The Palm Beach Story
Just talking about rejected suitors (see It Happened One Night and His Girl Friday) compels me to mention this Preston Sturges classic. Claudette Colbert decides to divorce Joel McCrea and to find a millionaire to support McCrea's architectural endeavors. Rudy Vallee is the millionaire, and he's sublime. Mary Astor is his sister, and she falls in love with McCrea. I tell everyone I know who wants to be a screenwriter to watch the scene at the beginning of the movie, where Colbert is stuck in the bathroom with the Wienie King. It's a lesson in specificity.
The Thin Man
One of the only movies about marriage. Of course it's also about drinking. The screenplay is by Frances Goodrich and Albert Hackett, married screenwriters who also wrote It's a Wonderful Life and Seven Brides for Seven Brothers. They took the Dashiell Hammett novel and made a movie that made everyone believe you could live happily ever after–especially if there's a plot. Starring Myrna Loy and William Powell.
The Apartment
Shirley MacLaine and Jack Lemmon and a gin game. This movie is (I think) the first to use what's now become a staple of romantic-comedy endings, the "R" scene. "R" stands for running, of course. It was one of the rare comedies to win the Best Picture Oscar—MacLaine and Lemmon should have won, too. Billy Wilder directed, from his script with I.A.L. Diamond. The ending is heavenly.
Charade
"Do you know what’s wrong with you?" Audrey Hepburn says to Cary Grant in this Stanley Donen-Peter Stone classic. "What?" says Grant. "Absolutely nothing," she says. With Walter Matthau, before he became a leading man. Once again, there’s a plot, which always helps: This is a mystery and a love story.
Splash
It's harder and harder to think of obstacles that stand in the way of love, but Splash comes up with an awfully good one: She's a fish. Daryl Hannah plays the mermaid who names herself after an avenue and eats the whole lobster. Among the movie's long-lasting effects: the popularity of the name Madison. Tom Hanks is the guy. John Candy plays Hanks' brother, and the scenes between the two of them are terrific. There's a famous R scene, and it ends up in the water. Directed by Ron Howard, with a story by Bruce Jay Friedman.
Hannah and Her Sisters
One of Woody Allen's several masterpieces, a brilliant tapestry of interwoven stories. It's not strictly a romantic movie, but the scene at the end in Tower Records between Dianne Wiest and Allen is one of the greatest falling-in-love scenes ever filmed. And if you have sisters, the movie feels absolutely autobiographical, even if it's never crossed your mind to sleep with your sister's husband.
Casablanca
How many times can you see it?
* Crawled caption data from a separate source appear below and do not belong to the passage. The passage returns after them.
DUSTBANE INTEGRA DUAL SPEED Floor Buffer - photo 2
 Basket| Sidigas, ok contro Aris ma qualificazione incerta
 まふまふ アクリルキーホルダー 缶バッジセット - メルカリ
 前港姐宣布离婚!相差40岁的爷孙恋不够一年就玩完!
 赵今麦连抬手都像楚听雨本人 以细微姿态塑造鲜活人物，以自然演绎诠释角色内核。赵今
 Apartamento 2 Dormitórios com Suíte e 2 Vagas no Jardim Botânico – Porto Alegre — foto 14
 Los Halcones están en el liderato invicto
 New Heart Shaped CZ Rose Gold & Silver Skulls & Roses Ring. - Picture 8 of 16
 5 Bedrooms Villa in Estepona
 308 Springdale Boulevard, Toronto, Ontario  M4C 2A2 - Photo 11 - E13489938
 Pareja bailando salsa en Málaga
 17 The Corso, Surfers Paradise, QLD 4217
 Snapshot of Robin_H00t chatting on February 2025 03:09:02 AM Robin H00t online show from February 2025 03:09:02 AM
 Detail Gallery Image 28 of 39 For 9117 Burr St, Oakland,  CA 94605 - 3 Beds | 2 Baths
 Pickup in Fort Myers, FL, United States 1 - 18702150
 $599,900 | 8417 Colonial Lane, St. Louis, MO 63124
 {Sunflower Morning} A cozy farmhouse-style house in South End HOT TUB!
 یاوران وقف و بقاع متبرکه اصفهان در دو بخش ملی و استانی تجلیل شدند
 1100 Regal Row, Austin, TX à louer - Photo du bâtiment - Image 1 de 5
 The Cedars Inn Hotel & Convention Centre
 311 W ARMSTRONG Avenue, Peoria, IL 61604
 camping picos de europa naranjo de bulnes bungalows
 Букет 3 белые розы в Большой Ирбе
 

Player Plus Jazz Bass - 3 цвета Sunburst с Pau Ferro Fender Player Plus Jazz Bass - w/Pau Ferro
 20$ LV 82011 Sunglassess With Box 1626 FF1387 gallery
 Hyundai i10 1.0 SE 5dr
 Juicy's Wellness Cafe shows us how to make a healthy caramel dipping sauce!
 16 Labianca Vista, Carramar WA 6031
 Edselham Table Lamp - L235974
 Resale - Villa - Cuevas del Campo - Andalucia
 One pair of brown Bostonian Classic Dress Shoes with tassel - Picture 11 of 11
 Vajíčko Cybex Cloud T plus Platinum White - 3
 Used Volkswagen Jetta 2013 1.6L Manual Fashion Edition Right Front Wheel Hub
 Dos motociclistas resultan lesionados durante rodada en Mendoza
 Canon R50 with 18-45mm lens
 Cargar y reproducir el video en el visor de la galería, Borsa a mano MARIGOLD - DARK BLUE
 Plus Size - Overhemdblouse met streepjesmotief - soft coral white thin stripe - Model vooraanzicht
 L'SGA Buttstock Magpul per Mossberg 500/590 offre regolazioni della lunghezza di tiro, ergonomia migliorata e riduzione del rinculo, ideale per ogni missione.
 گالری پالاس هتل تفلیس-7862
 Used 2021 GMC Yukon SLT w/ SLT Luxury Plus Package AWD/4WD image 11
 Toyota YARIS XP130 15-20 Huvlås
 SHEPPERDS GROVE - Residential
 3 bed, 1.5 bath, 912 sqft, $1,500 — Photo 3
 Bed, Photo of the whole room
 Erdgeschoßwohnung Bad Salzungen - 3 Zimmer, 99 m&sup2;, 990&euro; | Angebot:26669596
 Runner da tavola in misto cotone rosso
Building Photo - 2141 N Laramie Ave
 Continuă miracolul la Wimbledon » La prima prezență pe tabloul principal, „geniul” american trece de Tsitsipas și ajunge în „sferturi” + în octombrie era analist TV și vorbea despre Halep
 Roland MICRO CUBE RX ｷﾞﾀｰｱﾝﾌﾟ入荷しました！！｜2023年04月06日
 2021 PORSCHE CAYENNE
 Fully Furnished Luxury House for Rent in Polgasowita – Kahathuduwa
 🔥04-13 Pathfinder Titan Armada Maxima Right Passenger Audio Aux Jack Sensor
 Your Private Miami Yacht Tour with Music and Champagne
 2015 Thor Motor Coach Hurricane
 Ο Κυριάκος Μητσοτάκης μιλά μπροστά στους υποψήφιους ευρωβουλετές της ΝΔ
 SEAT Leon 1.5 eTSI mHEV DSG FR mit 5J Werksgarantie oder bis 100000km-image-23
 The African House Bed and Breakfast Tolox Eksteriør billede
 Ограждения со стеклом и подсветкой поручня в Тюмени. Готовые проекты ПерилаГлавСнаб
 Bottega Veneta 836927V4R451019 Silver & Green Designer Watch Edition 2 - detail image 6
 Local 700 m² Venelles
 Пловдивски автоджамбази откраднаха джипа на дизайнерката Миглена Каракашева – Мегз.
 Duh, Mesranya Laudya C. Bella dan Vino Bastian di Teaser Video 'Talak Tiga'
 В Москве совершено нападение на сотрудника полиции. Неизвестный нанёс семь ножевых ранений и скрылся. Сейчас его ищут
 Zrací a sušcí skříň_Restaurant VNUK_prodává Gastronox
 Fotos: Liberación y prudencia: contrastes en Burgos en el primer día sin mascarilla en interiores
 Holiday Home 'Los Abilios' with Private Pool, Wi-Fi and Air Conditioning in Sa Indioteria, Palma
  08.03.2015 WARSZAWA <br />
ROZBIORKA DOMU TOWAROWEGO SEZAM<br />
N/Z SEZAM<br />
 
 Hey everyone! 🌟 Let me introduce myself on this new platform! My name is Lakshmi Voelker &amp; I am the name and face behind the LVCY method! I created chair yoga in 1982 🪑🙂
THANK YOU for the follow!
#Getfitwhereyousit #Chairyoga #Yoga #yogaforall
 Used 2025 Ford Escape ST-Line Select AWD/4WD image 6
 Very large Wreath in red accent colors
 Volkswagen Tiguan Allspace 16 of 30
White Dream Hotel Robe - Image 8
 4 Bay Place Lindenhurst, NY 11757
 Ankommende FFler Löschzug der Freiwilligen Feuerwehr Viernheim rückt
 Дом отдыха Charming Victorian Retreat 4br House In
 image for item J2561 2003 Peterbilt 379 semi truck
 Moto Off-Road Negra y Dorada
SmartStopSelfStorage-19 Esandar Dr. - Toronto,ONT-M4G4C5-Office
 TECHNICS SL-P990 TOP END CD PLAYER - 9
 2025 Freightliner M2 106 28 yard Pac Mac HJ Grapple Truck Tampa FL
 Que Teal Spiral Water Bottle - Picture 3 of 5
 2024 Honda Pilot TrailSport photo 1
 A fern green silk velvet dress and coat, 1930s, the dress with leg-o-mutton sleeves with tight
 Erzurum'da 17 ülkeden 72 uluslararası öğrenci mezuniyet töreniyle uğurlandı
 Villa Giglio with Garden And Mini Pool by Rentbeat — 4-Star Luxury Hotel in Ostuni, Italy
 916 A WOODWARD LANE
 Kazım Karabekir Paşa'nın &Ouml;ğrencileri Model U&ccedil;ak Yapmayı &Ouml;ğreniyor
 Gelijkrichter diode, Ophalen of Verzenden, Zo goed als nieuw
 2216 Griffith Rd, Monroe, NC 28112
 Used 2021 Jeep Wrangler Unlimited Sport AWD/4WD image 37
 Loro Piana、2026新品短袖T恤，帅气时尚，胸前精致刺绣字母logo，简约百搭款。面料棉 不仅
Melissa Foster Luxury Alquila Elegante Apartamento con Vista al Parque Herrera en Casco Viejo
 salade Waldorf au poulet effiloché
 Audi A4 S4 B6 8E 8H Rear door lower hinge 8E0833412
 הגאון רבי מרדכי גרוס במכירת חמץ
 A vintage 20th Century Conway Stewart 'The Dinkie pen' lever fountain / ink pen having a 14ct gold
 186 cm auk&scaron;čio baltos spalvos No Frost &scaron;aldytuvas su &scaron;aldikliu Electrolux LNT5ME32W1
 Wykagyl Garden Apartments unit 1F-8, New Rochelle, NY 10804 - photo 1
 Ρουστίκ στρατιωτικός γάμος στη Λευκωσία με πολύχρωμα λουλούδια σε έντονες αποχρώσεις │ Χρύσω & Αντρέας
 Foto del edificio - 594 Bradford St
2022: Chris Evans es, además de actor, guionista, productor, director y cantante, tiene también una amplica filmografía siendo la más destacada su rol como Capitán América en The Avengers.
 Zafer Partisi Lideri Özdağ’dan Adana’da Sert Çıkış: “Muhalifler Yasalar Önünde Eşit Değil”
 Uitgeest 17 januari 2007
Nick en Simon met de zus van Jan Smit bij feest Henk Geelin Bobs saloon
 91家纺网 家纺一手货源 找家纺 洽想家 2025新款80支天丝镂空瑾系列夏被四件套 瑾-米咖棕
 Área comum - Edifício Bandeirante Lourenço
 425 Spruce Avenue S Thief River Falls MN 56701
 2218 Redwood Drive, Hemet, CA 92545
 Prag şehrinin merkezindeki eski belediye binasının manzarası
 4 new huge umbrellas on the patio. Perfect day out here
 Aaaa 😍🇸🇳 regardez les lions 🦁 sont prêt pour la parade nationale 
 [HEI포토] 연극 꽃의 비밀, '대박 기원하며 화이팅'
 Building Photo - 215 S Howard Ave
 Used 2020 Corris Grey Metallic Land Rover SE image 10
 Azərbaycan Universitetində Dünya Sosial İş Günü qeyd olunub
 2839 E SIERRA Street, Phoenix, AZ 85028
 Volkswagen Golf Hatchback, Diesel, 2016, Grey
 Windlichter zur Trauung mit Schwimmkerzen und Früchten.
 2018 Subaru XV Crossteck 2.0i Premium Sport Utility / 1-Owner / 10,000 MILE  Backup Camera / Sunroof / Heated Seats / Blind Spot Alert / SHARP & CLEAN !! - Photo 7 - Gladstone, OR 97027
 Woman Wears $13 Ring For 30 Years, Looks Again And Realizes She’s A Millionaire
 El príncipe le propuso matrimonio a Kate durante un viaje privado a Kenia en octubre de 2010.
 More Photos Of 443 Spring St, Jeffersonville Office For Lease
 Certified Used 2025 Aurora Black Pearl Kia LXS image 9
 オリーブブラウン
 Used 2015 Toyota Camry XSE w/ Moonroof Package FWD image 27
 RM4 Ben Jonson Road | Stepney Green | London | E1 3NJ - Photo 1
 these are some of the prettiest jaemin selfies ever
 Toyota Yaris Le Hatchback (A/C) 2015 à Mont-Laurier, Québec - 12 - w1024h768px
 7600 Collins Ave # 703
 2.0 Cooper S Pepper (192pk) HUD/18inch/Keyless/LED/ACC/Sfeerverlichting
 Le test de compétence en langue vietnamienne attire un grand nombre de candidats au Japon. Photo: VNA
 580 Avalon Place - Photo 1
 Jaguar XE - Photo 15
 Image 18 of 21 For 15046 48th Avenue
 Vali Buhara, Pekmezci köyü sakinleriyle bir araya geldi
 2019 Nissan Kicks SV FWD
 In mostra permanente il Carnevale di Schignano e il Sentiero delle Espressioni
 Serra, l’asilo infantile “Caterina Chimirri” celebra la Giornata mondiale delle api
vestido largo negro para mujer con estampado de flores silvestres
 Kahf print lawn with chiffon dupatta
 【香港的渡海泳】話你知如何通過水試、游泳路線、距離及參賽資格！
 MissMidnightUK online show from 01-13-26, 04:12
Never enough.
Sense & Sensibility
A lot of Jane Austen movies founder on the fact that the plot almost always includes a letter that changes everything. It's hard to do letters in movies. But in this one, everything works. At the end, Emma Thompson bursts into tears, and you will too. Unless you have a heart of stone. In which case, why are you reading this?